NCT04683250 · Taiho Pharmaceutical Co., Ltd.
Study of RET Inhibitor TAS0953/HM06 in Patients with Advanced Solid Tumors with RET Gene Abnormalities
(MARGARET)
What this study is about
Phase 1 and 2 trial to study the safety, how the drug moves through the body, and effectiveness of TAS0953/HM06 in patients with advanced solid tumors with RET gene abnormalities. Phase 1 aims to determine the Maximum Tolerated Dose (MTD) and identify the Recommended Phase 2 Dose (RP2D) to be used in phase 2.
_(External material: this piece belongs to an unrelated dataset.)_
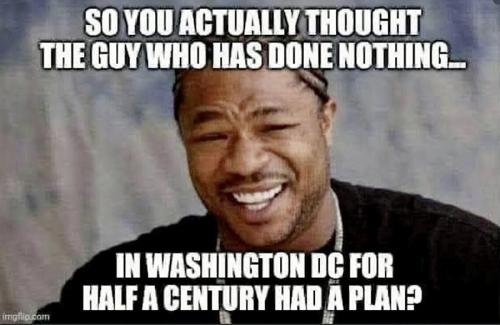 M plan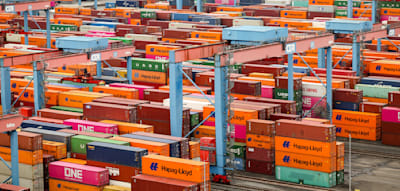 US-Regierung startet milliardenschwere Zoll-R&uuml;ckerstattungen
View original scientific description
Phase 1 and 2 trial to study the safety, pharmacokinetics, and efficacy of TAS0953/HM06 in patients with advanced solid tumors with RET gene abnormalities. Phase 1 aims to determine the Maximum Tolerated Dose (MTD) and identify the Recommended Phase 2 Dose (RP2D) to be used in phase 2.
Interventions
DRUG
TAS0953/HM06
Phase 1: oral, starting dose 20mg twice a day, until recommended phase 2 dose, continuous daily dosing, cycles lasting 21 days
DRUG
TAS0953/HM06
Phase 2: oral, recommended dose twice a day, continuous daily dosing, cycles lasting 21 days
Primary outcome measures
Phase 1 (dose-escalation): Maximum Tolerated Dose (MTD)
Time frame: At the end of Cycle 1 (each cycle is 21 days)
Incidence rate and category of dose limiting toxicities (DLTs)
Phase 1 (dose-expansion): Recommended Phase 2 dose (RP2D)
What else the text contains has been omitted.